Seçimlerin bitmesiyle birlikte HDP’liler de birbirine girdi. Daha seçim sürecinde HDP’nin kanatları altında fenomenleşen “TİP” ile HDP’liler arasında tartışmalar başlamıştı. HDP çevreleri özellikle Ahmet Şık’ı hedef alarak, “TİP”e polis partisi diye saldırıyordu. Ahmet Şık ise HDP içinde “Kürt faşistleri” olduğundan dert yanıp, sonra milyon kez falan özür diledi.
Kırılan kol yen içinde kalamıyordu çünkü kol artık çürümüştü. Kokular taşıyordu. İşin esası Ahmet de, kendisini hedef alan “Kürt faşistleri” olarak nitelendirdiği “yoldaşları” da doğruyu söylüyordu.
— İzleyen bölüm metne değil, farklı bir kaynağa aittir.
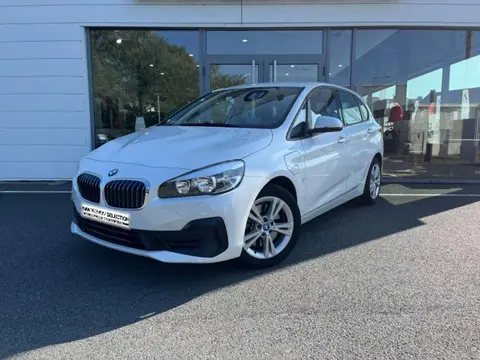 Annonce BMW SERIE 2  2018 d'occasion 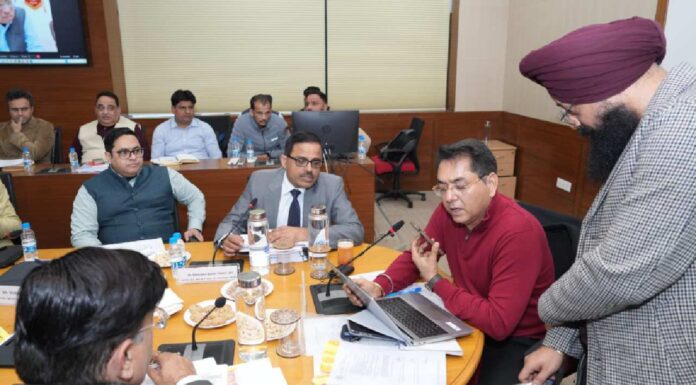 Rangla Punjab: 54 New Service Centers to be Opened to Strengthen Service Delivery Network Rangla Punjab: 54 New Service Centers to be Opened to Strengthen Service Delivery Network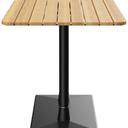 Abbildung Table à manger Modular T Seitenansicht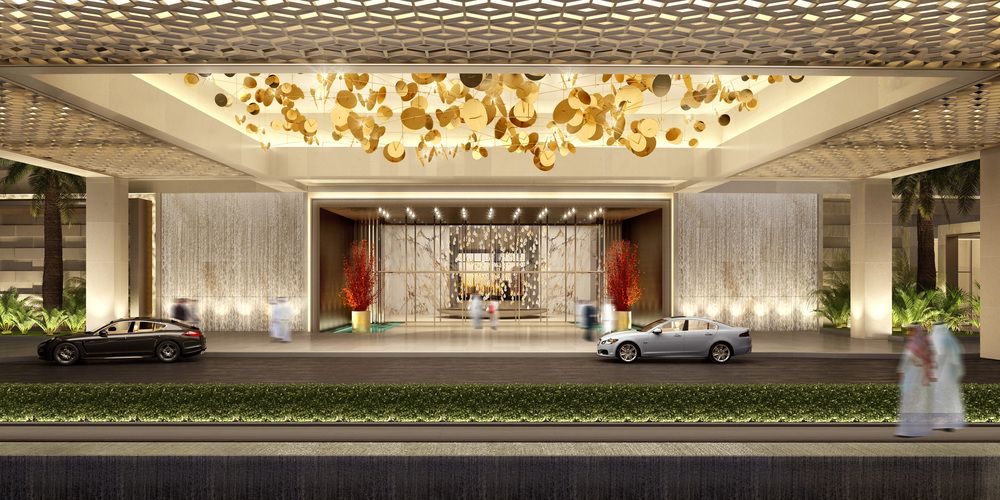 ATLANTIS THE ROYAL - 26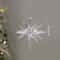 Glitter Exploding Star Christmas Ornament Hanging Star Tree Decoration 10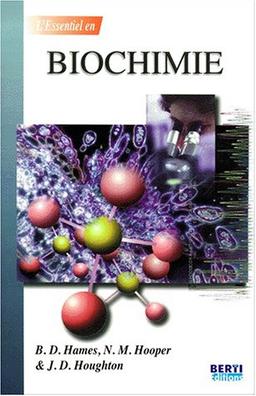 Biochimie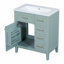 Base de meuble-lavabo simple 30 po seulement-100768838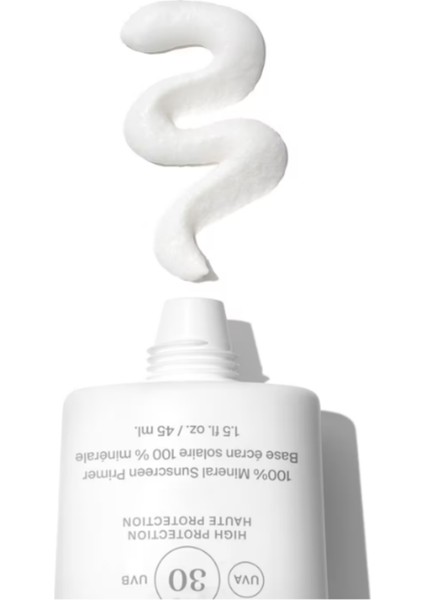 Supergoop! Sheerscreen - Güneş Kremi Spf 30 Pa+++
Seçimlerden hemen sonra ise Selahattin Demirtaş “aktif siyaseti” bıraktığını açıkladı. Tabii bu fantastik bir açıklamaydı. Cezaevinde bulunan birinin “aktif siyaset” yapabilmesi ve yine kendi tercihiyle biraz dinlenmeye karar vermesi çok garipti. Bu, Demirtaş’ın cezaevi sürecini yöneten saray istihbaratının, kendisine ne kadar geniş bir faaliyet alanı tanıdığının bir itirafıydı.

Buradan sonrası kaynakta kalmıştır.